There’s a very real sense in which this petition already has been fulfilled. Every person who is a Christian is in Christ, so if you are in Christ and I am in Christ, there is a real unity between us by virtue of our common union with Him. This is true for all genuine believers. Even though we may differ on this point or that point, there is a real unity that binds us together—and that unity should be evident to the world.

C. S. Lewis tells of perusing the writings of great Christians from history during his student days. He read Thomas Aquinas, Martin Luther, Thomas à Kempis, and others, and while he recognized that all of these people had certain nuances of differences between them, he couldn’t get over the oneness that kept coming through their testimony as to the truth of the gospel.

Jesus prayed that those who would believe on Him would have a unity that unbelievers could see, that they might learn various things. He asked the Father that believers would “become perfectly one, so that the world may know that You sent Me and loved them even as You loved Me” (John 17:23). The love, concern, and compassion that we have one for another should be so atypical of the world that they serve as definitive proof that Jesus was not merely a great moral teacher but the second person of the Trinity, sent by God. This unity should also testify to the world that God loves believers just as He loves Christ. The clear demonstration of a supernatural work going on in the midst of the people of God shows the love, favor, and grace of God.

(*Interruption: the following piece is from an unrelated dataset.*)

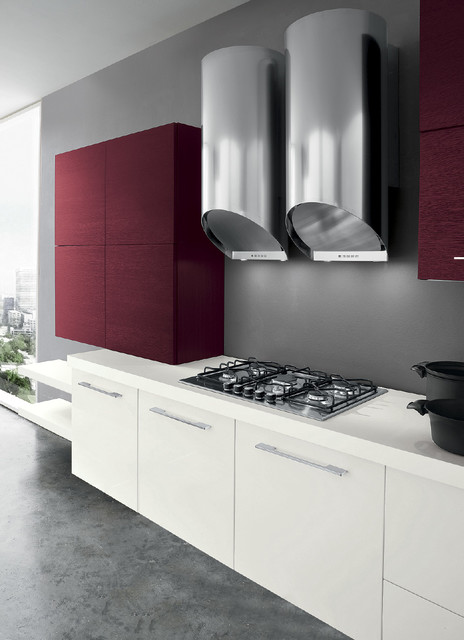 Kitchen and Living Space Design Ideas contemporaneo-cucina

Incidentally, believers themselves need a deeper grasp of the love of God for them. In His tender mercies, God has an incredible capacity to love the unlovely. How do I know that? He knows every ugly part of my soul and of my life, yet He loves me. How can that be? We always have to understand that the love He has for us is not because we are inherently lovable. He loves us in the Son, and the same love that He pours out to His Son, He pours out to those who are in the Son. This love that He has for the Son is the only reason I can give as to why God chose to save me.